Cole: You didn't do any starting last season, did you?

Gordon: No, no starting. I just started a couple of weeks ago. Our rotation was kind of messed up a little bit because a couple of guys went down with the Rangers, so we had a couple of guys go up there. We needed a spot start and they asked me if I would be willing to do it. I was tickled to hear that.

Cole: You've now pitched pretty well in your last two starts. Do you expect to keep starting here?

Gordon: I'm hoping so. It's something I certainly love to do and as long as the body holds up – it's adjusting well. I just want to keep rolling, keep working out, and who knows.

Cole: What is that adjustment like? What went in to the transition from reliever to starter?

Gordon: I would have to say a lot of it is mental. Just being prepared for it and knowing what to expect. That was the toughest part at first. The first two outings, I was trying to develop a routine – trying to figure out the science behind it. The strategy, it's a little bit different. Coming out of the ‘pen, the starter is supposed to establish strikes. Then the bullpen comes in offspeeding you. You need to get outs. Here, you have got to establish your fastball early and be aggressive with it. Hopefully that will take you along in the game, trying to get those guys to put those balls in play early.

Cole: When was the last time you had started a game before this year?

Gordon: Round Rock High School. That was in '97.

Cole: Tell me what you thought about your start tonight.

Gordon: I was very pleased with the start. I went out there and threw strikes.

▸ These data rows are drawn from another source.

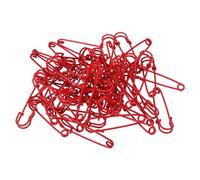 YOKIVE 50 Stück Sicherheitsnadeln, Große Metallnadeln | Handwerksanfertigung, Ideal für Kleidung, Stricken, Nähen (Rot, 1,97 Zoll)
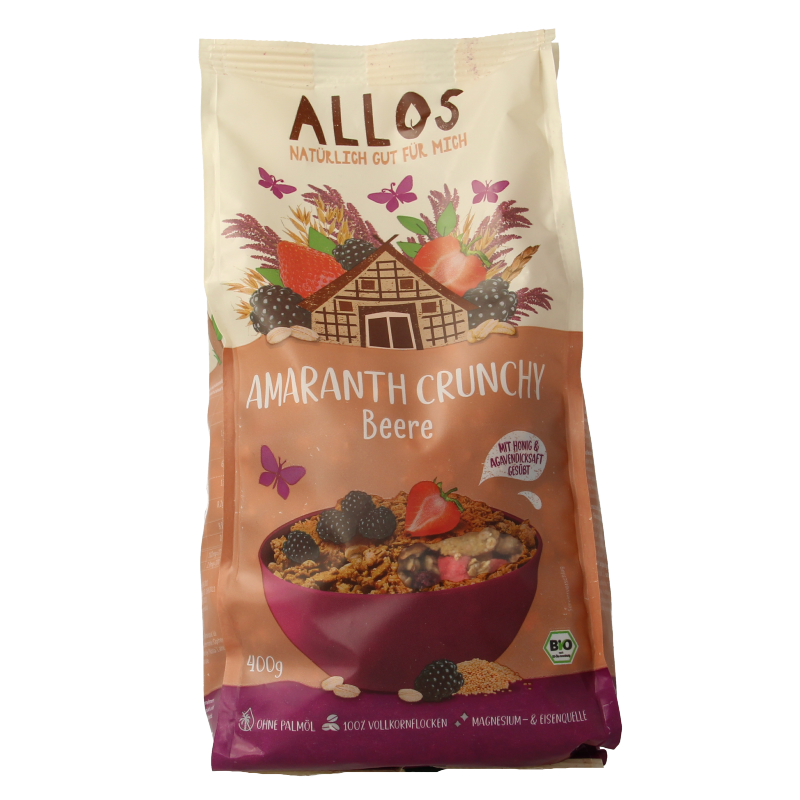 Allos Crunchy amarant rode vruchten bio 400 Gram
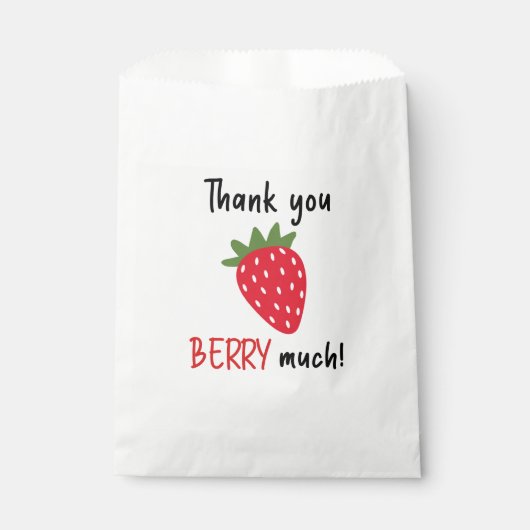 Thank You Berry Many フェイバーバッグ (正面)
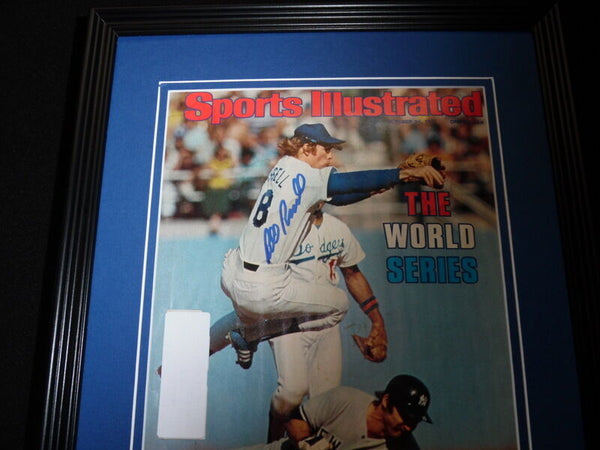 Bill Russell Signed Framed 1977 Sports Illustrated Magazine Cover Dodgers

I had command of all my pitches and that was key, especially with all the excitement and all the anxiety going through. I felt like the body was just a little amped up. To be able to command all my pitches, it was huge. I'm big on getting after those hitters and trying to get them to put the ball in play. I was able to do that tonight.

Cole: When I saw you in Frisco, your fastball was generally at 88 out of the bullpen and you were up around 90-91 quite a bit tonight. Is that because you were a little bit amped up for tonight's start?

Gordon: I don't know, it could be. It very well could be. I'm definitely throwing a lot more and I'm getting loose quick. The longer I throw – they say your arm gets stronger as you go. The crowd got into it, playing at home – I'm sure that had a lot to do with it. But yeah, that's not my game. 90-91, that's certainly not going to blow anybody away. I think as long as I keep hitting my spots, things will be good.

Cole: Tonight in the first inning, you weren't able to get your first couple of curveballs over the plate. After that, it seemed like every curveball you threw was great.

Gordon: Yeah, that was the big thing. One of the toughest things when you've got a lot of anxiety is getting those offspeed pitches because it's a feel. It's a feel pitch. When the body is amped up, you tend to leave pitches up. The more I got out there and the more I threw, I was able to calm down.

Cole: How difficult was that, when you started pitching again, to find your feel of the curveball, the slider, and the changeup?

Gordon: It definitely was. It has been a lot of work. I certainly had a lot of help along the way. Just people stepping up and offering their services. I'm grateful for every one of them.